Record excerpts:
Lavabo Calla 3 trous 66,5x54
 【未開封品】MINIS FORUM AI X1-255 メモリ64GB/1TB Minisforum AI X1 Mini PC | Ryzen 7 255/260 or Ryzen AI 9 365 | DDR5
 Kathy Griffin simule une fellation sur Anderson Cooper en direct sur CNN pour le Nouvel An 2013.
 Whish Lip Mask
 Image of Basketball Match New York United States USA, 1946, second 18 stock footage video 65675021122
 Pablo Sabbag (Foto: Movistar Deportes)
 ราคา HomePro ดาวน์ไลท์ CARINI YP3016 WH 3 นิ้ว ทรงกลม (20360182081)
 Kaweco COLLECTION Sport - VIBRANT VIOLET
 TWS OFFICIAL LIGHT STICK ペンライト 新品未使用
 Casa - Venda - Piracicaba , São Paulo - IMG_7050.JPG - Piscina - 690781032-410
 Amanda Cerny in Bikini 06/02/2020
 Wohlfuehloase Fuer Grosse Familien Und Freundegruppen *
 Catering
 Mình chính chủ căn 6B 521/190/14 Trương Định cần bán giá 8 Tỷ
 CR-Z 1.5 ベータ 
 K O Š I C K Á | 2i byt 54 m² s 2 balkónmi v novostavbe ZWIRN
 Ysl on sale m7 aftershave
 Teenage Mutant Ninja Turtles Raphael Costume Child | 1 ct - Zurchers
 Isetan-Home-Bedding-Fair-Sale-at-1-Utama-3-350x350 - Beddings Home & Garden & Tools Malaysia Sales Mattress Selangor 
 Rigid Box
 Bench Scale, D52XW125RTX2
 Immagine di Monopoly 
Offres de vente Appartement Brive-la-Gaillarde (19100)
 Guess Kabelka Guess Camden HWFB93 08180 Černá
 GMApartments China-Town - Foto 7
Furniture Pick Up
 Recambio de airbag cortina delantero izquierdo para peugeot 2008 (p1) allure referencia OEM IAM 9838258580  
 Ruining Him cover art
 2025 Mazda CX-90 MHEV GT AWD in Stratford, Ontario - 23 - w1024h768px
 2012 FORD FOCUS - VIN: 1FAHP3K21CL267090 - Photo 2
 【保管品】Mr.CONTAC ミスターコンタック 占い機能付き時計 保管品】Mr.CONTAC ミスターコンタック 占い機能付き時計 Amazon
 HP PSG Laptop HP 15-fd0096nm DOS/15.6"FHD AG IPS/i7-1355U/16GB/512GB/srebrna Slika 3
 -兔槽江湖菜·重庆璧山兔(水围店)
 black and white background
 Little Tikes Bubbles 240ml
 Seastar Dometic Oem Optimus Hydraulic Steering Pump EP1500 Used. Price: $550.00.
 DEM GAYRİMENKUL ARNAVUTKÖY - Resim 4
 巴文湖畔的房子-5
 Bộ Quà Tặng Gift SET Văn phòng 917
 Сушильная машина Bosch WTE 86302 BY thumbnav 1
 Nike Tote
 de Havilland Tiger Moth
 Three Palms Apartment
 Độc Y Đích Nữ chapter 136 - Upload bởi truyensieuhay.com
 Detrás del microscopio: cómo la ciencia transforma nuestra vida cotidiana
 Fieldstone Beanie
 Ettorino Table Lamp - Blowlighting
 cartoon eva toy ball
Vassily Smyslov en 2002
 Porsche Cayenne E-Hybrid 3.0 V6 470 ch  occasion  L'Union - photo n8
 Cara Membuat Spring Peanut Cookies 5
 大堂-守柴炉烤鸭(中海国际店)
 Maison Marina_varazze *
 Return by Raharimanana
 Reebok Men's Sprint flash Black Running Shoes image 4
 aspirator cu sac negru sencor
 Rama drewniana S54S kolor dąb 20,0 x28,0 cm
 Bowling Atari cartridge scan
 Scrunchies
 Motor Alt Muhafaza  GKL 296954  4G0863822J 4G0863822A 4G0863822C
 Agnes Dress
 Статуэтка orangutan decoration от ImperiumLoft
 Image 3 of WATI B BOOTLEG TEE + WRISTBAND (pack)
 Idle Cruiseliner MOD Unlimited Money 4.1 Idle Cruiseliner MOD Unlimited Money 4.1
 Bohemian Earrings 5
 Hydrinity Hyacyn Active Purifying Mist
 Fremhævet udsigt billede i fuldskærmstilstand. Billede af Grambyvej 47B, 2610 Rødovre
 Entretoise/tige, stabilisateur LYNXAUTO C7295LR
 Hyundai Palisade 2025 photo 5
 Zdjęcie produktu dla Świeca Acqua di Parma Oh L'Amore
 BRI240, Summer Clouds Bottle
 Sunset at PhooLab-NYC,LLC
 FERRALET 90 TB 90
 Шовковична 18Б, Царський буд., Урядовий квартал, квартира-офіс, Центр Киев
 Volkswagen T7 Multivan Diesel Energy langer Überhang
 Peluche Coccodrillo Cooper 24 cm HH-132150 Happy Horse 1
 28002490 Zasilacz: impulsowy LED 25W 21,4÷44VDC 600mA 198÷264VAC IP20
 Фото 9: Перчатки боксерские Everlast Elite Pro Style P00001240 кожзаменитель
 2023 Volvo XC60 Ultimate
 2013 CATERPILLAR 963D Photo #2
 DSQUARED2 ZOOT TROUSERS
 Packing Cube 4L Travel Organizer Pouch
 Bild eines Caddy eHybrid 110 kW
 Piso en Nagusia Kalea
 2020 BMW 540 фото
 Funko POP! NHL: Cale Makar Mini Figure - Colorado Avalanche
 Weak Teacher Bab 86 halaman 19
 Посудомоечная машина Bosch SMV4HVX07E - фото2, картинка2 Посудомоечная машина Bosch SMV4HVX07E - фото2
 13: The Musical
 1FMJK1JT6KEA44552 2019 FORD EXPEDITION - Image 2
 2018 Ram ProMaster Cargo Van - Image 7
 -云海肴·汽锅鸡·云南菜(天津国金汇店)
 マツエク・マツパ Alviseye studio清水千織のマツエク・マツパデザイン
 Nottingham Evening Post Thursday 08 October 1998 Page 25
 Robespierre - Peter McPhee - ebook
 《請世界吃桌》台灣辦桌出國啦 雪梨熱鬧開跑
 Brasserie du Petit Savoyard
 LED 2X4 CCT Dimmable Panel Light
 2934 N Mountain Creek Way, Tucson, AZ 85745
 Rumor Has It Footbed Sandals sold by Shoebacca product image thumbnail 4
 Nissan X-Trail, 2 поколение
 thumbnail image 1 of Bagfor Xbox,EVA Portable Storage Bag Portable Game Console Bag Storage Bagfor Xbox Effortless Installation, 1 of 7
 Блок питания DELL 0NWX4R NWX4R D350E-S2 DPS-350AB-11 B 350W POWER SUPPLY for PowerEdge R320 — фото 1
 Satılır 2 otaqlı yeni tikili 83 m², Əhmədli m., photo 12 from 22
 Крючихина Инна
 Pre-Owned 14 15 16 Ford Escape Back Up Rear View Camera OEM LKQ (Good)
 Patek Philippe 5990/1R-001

What needs to be done:
Please write out, exactly as they appear above, only the lines in the stretch from the line with "Rama drewniana S54S kolor dąb 20,0 x28,0 cm" through the line with "Nissan X-Trail, 2 поколение".

Exercise response:
 Rama drewniana S54S kolor dąb 20,0 x28,0 cm
 Bowling Atari cartridge scan
 Scrunchies
 Motor Alt Muhafaza  GKL 296954  4G0863822J 4G0863822A 4G0863822C
 Agnes Dress
 Статуэтка orangutan decoration от ImperiumLoft
 Image 3 of WATI B BOOTLEG TEE + WRISTBAND (pack)
 Idle Cruiseliner MOD Unlimited Money 4.1 Idle Cruiseliner MOD Unlimited Money 4.1
 Bohemian Earrings 5
 Hydrinity Hyacyn Active Purifying Mist
 Fremhævet udsigt billede i fuldskærmstilstand. Billede af Grambyvej 47B, 2610 Rødovre
 Entretoise/tige, stabilisateur LYNXAUTO C7295LR
 Hyundai Palisade 2025 photo 5
 Zdjęcie produktu dla Świeca Acqua di Parma Oh L'Amore
 BRI240, Summer Clouds Bottle
 Sunset at PhooLab-NYC,LLC
 FERRALET 90 TB 90
 Шовковична 18Б, Царський буд., Урядовий квартал, квартира-офіс, Центр Киев
 Volkswagen T7 Multivan Diesel Energy langer Überhang
 Peluche Coccodrillo Cooper 24 cm HH-132150 Happy Horse 1
 28002490 Zasilacz: impulsowy LED 25W 21,4÷44VDC 600mA 198÷264VAC IP20
 Фото 9: Перчатки боксерские Everlast Elite Pro Style P00001240 кожзаменитель
 2023 Volvo XC60 Ultimate
 2013 CATERPILLAR 963D Photo #2
 DSQUARED2 ZOOT TROUSERS
 Packing Cube 4L Travel Organizer Pouch
 Bild eines Caddy eHybrid 110 kW
 Piso en Nagusia Kalea
 2020 BMW 540 фото
 Funko POP! NHL: Cale Makar Mini Figure - Colorado Avalanche
 Weak Teacher Bab 86 halaman 19
 Посудомоечная машина Bosch SMV4HVX07E - фото2, картинка2 Посудомоечная машина Bosch SMV4HVX07E - фото2
 13: The Musical
 1FMJK1JT6KEA44552 2019 FORD EXPEDITION - Image 2
 2018 Ram ProMaster Cargo Van - Image 7
 -云海肴·汽锅鸡·云南菜(天津国金汇店)
 マツエク・マツパ Alviseye studio清水千織のマツエク・マツパデザイン
 Nottingham Evening Post Thursday 08 October 1998 Page 25
 Robespierre - Peter McPhee - ebook
 《請世界吃桌》台灣辦桌出國啦 雪梨熱鬧開跑
 Brasserie du Petit Savoyard
 LED 2X4 CCT Dimmable Panel Light
 2934 N Mountain Creek Way, Tucson, AZ 85745
 Rumor Has It Footbed Sandals sold by Shoebacca product image thumbnail 4
 Nissan X-Trail, 2 поколение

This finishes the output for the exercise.